• **Exercise objective**: The lines to transcribe begin with the one containing "Hàm giả được" and end with the last line below; reproduce them exactly, without the pictures.

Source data

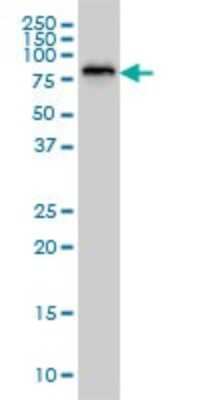 Western Blot: SSH3 Antibody (6F9) [H00054961-M01]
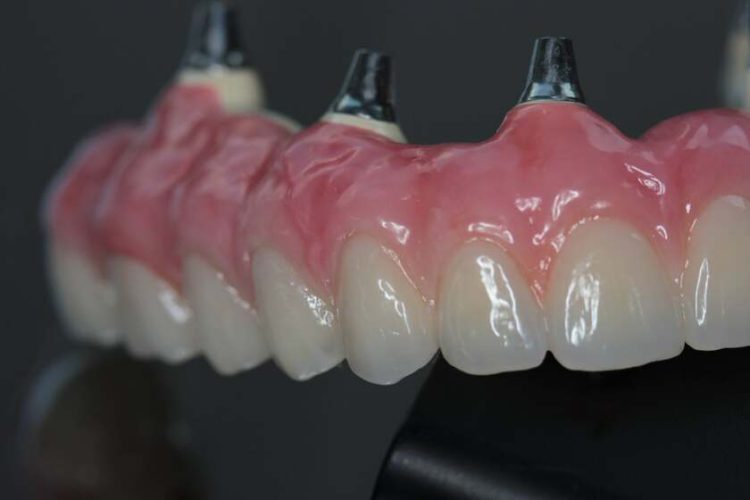 Hàm giả được chế tác từ vật liệu sinh học BioHPP tại Implant Center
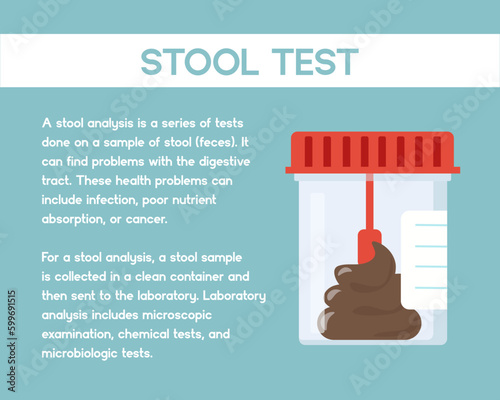 Flat design of stool test for medical and healthcare.  Stool test poster. Illustration for websites, landing pages, mobile applications, posters and banners. Trendy flat vector illustration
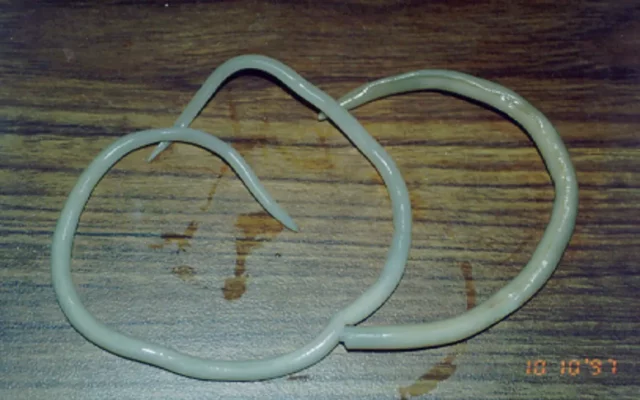 Tragedi Cacing Gelang Sukabumi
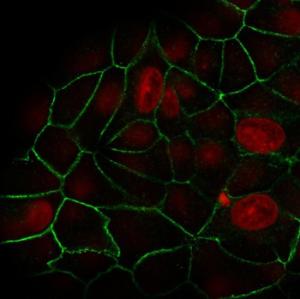 Anti-E Cadherin Mouse Recombinant Antibody [clone: rCDH1/1525]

• **Response**:
 Hàm giả được chế tác từ vật liệu sinh học BioHPP tại Implant Center
 Flat design of stool test for medical and healthcare.  Stool test poster. Illustration for websites, landing pages, mobile applications, posters and banners. Trendy flat vector illustration
 Tragedi Cacing Gelang Sukabumi
 Anti-E Cadherin Mouse Recombinant Antibody [clone: rCDH1/1525]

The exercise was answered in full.